Cross-border e-commerce is growing in popularity in China. The growth rate of China’s cross-border e-commerce has been higher than the total amount of imports and exports in spite of the slowdown of global trade, which means that the penetration of cross-border e-commerce in import and export trade has been very high.

According to China’s Ministry of Commerce, Cross-border E-commerce in China reached CNY6.5 trillion (US$1.02 trillion) in 2016, accounting for 20 percent of China’s foreign trade. Thanks to an increase in disposable income and demand for high quality and authentic products among consumers in China, cross-border e-commerce will continue to grow annually at over 30 percent in the next few years, becoming a new growth point for the e-commerce industry in China. By 2020, a quarter of the population, amounting to more than half of all digital buyers, will be shopping either directly on foreign-based sites or through third parties. China is poised to become the largest cross-border B2C market by 2020.

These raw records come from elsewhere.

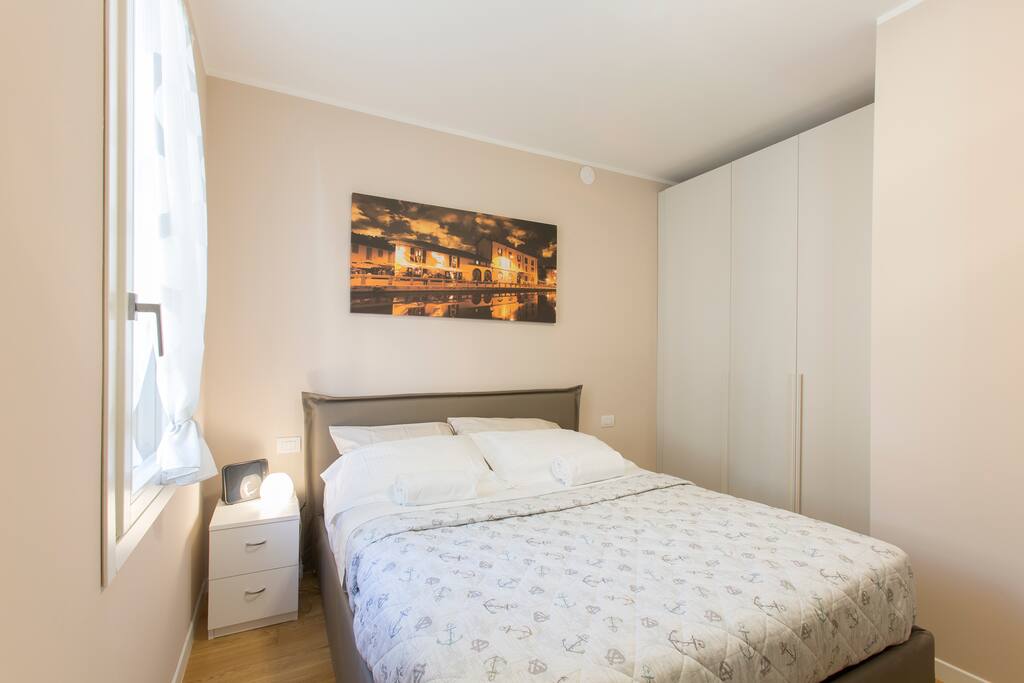 Letto matrmoniale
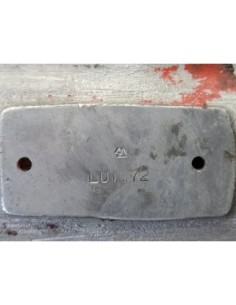 COMPRESOR AIRE ACONDICIONADO VOLKSWAGEN UP! - 94193 2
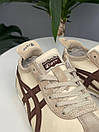 Кросівки чоловічі бежеві Asics Onitsuka Tiger Mexico 66 'Beige Suede Brown' (20532), фото 4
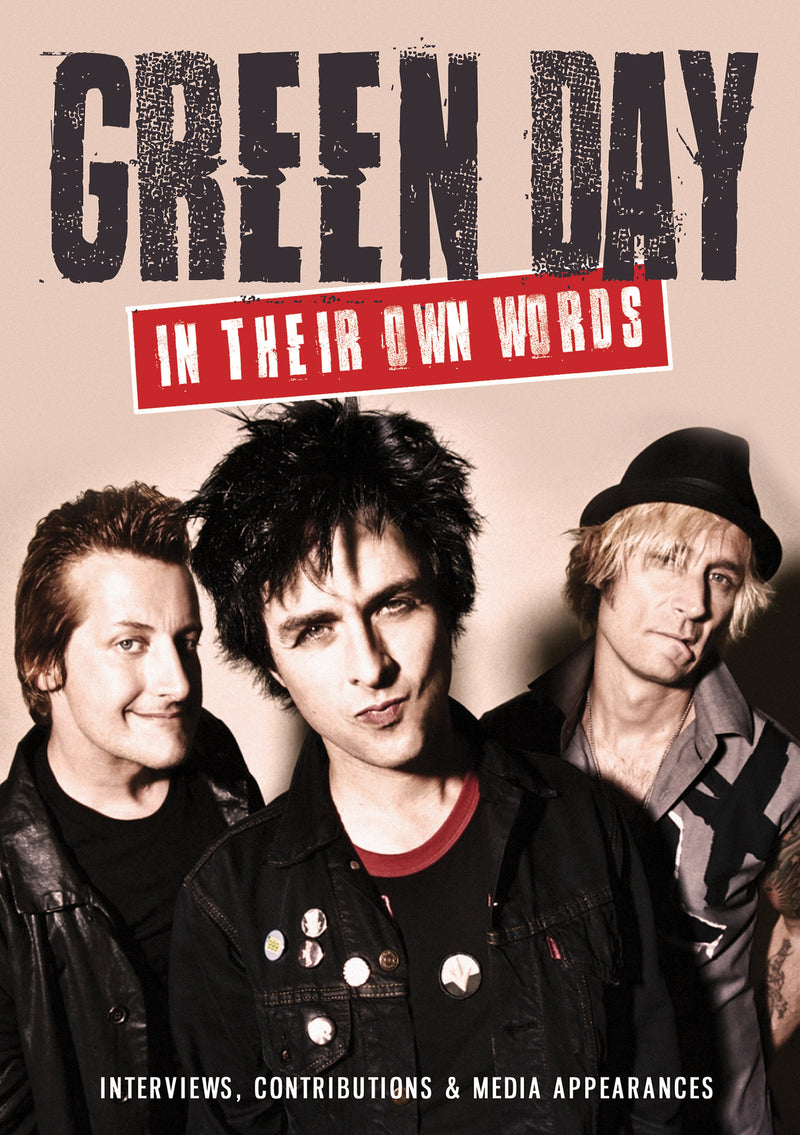 Green Day - In Their Own Words (DVD)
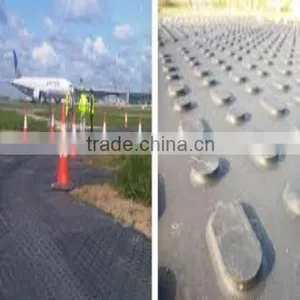 Non-Slip Hdpe Ground for Grass thumbnail-1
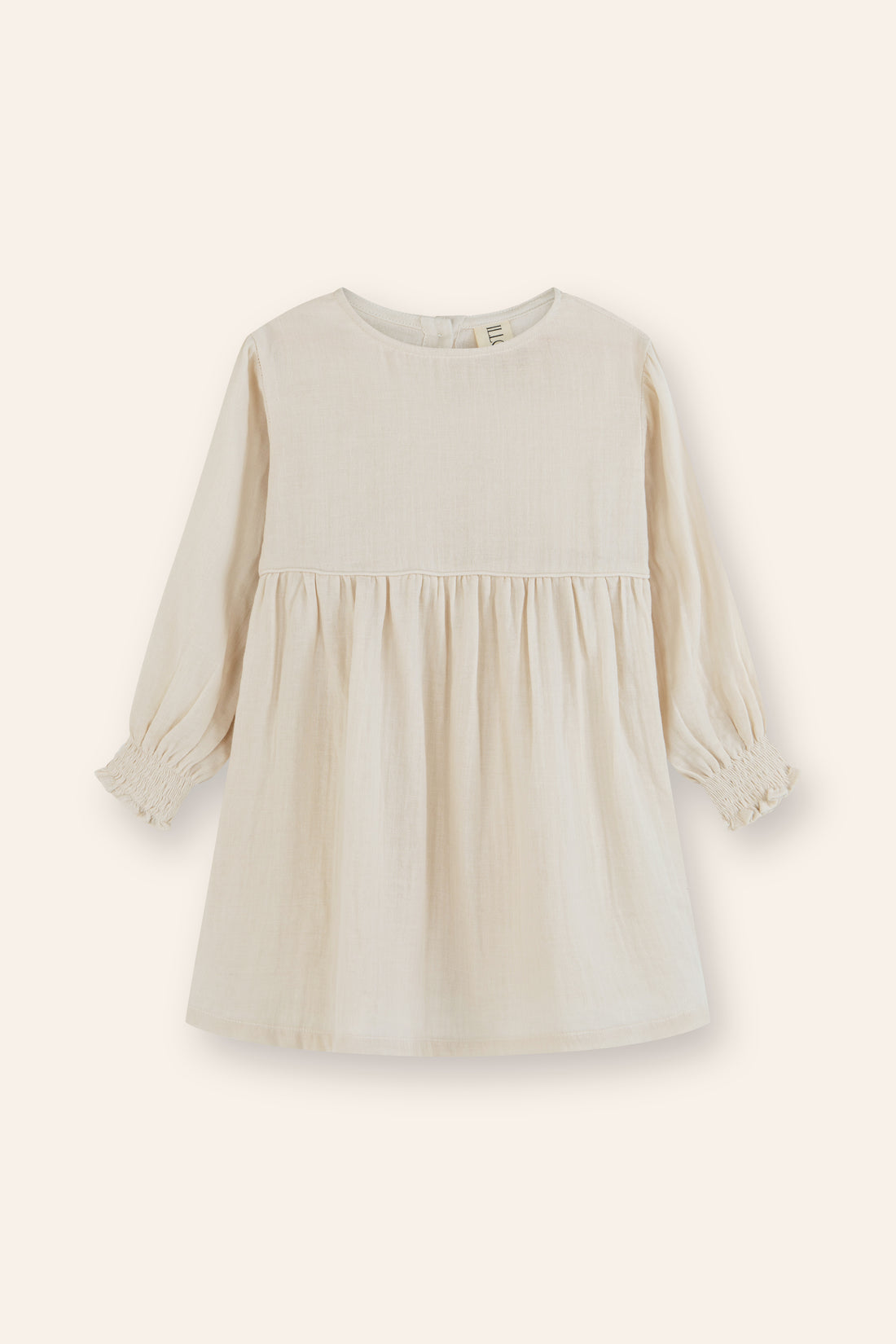 Yumi Dress | Natural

It’s possible for many international brands to sell their products directly to China’s digital shoppers and break into the market through Tmall Global and other B2C platforms. For consumers who want to buy foreign goods which are very expensive or hard to access in China, Cross-border e-commerce may be the best channel for them. Some specific categories of foreign goods such as milk powder, diapers and pet food are particularly favored by Chinese consumers, perceiving them to be of higher quality and more trustworthy. Let’s have a look at some major drivers of cross-border e-commerce in China:

1.     Technical Development

Cross-border e-commerce market in China is in the process of upgrading due to the rise and development of Internet, cloud computing, and intelligent terminal, optimization of payment and logistics system.

2.     Consumption Upgrade

In 2020, the number of middle-and upper-middle-class families in China was estimated to be about 0.2 billion, meaning that there will be more demands on foreign clothing and gadgets not yet available in China. Goods that traditional “bricks or clicks” merchants seldomly sell will be of great popularity.

3.     Industry Support

The number of small and medium-sized enterprises focusing on foreign trade in China was about 5 million, occupying 60% of total imports and exports. Moreover, cross-border E-commerce has now become an important way to develop foreign trade and to promote the Belt and Road initiative.